Researchers Combine Low-Cost Tactile Sensor With Machine Learning To Develop Robots That Feel
Researchers from ETH Zürich have announced that they have leveraged machine learning to develop a low-cost tactile sensor. The sensor can measure force distribution in high resolution and with high accuracy. Those features enable the robot arm to grasp sensitive, fragile objects with more dexterity. Enabling robotic grippers to feel is very important to making them more efficient.
In humans, our sense of touch allows us to pick up fragile or slippery items with our hands without fear of crushing or dropping the item. If an object is about fall through our fingers, we are able to adjust the strength of our group accordingly. Scientists want robotic grippers that pick-up products to have a similar type of feedback as humans get from our sense of touch. The new sensor that the researchers have created is said to be a significant step towards a "robotic skin."

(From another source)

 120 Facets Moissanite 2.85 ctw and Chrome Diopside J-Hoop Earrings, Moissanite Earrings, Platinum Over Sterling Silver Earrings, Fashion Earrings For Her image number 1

The sensor consists of an elastic silicone skin with colored plastic microbeads and a regular camera fixed to its underside. The vision-based sensor can see when it comes in contact with an object, and an indentation appears in the silicone skin. The contact changes the pattern of the microbeads that can be registered by the fisheye lens on the underside of the sensor. Changes in the pattern of the microbeads is used to calculate the force distribution on the sensor.
The robotic skin the scientists came up with can distinguish between several forces acting on the sensor surface and calculate them with high degrees of resolution and accuracy. The team can determine the direction from which the force is acting. When calculating the forces that are pushing the microbeads and in which directions, the team uses a set of experiments and data.
This approach allows the team to precisely control and systematically vary the location of the contact, the force distribution, and the size of the object making contact. Machine learning allows the researchers to record several thousand instances of contact and precisely match them with changes in the bead pattern. The team is also working on larger sensors that are equipped with several cameras and can recognize objects of complex shape. They are also working to make the sensor thinner.